(DATA PROVIDED)

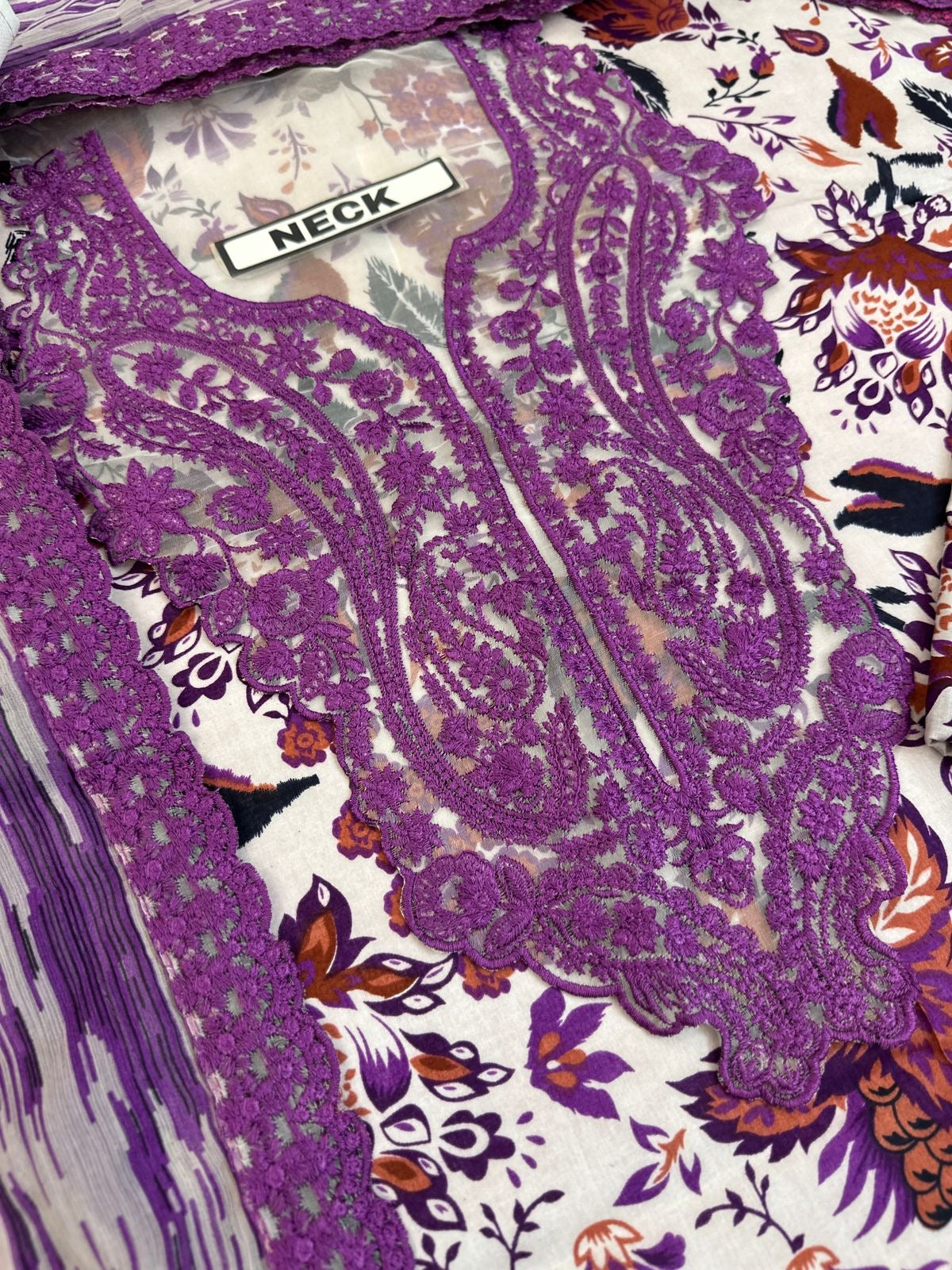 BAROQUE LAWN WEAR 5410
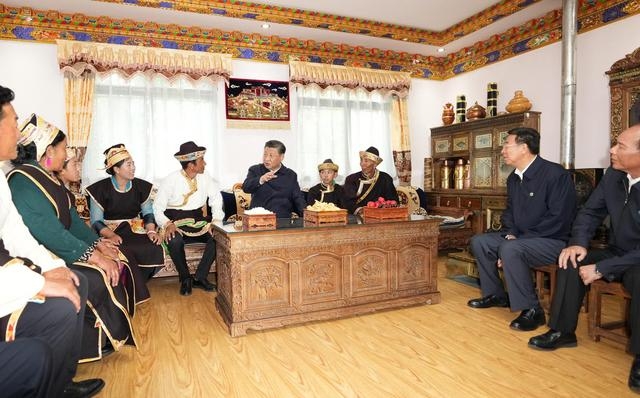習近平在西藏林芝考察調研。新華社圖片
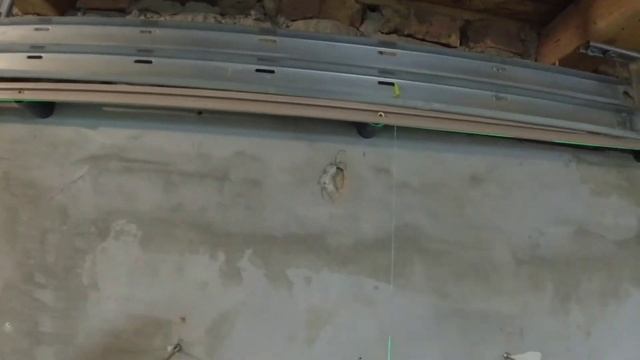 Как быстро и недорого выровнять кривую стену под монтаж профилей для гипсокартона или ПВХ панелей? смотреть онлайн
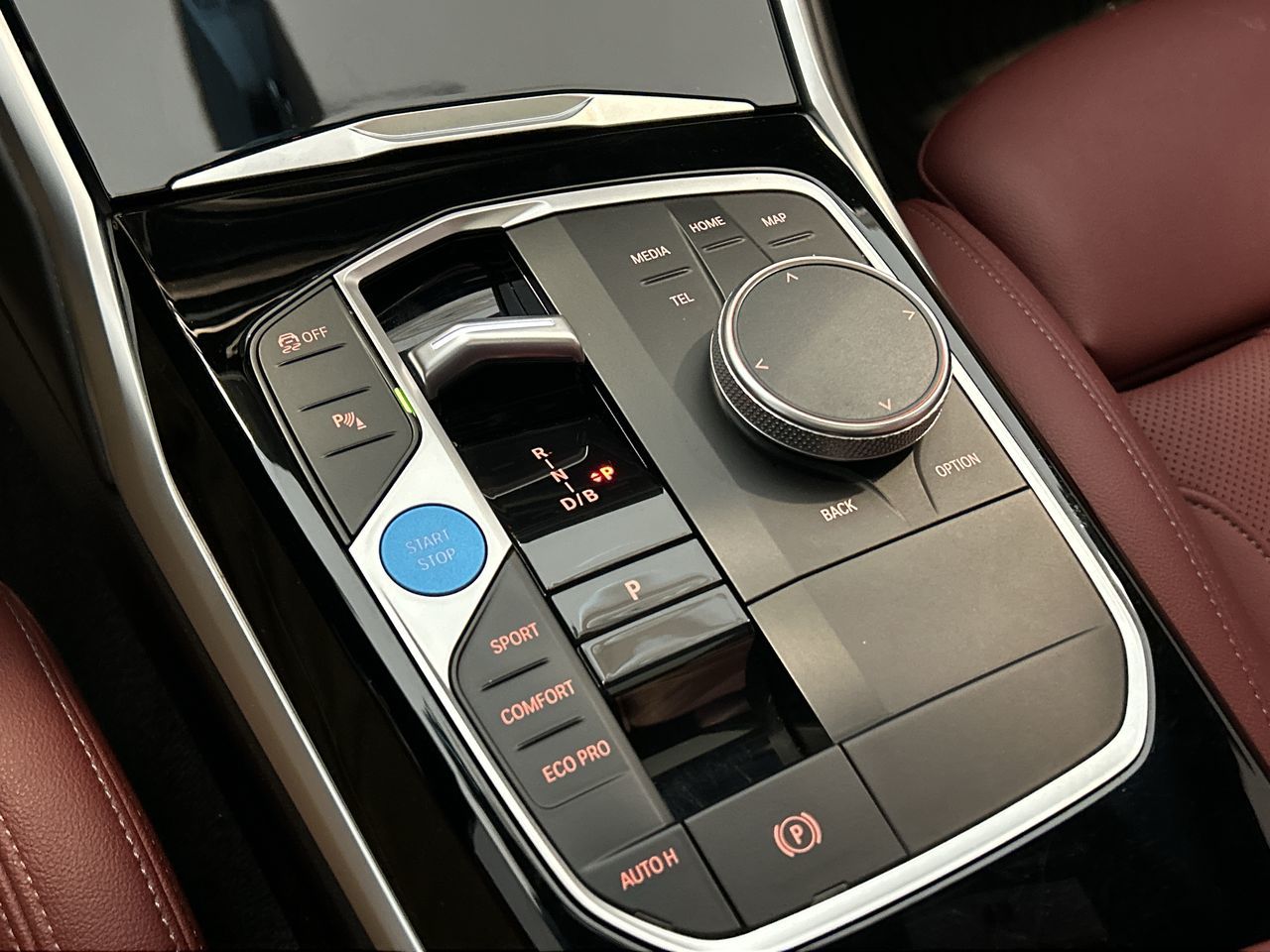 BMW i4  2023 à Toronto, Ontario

(End DATA PROVIDED)

**EXERCISE GOAL:**
Copy exactly the lines from the line holding "Как быстро и" to the final line of the listing, and leave the pictures out.

**EXERCISE RESPONSE:**
 Как быстро и недорого выровнять кривую стену под монтаж профилей для гипсокартона или ПВХ панелей? смотреть онлайн
 BMW i4  2023 à Toronto, Ontario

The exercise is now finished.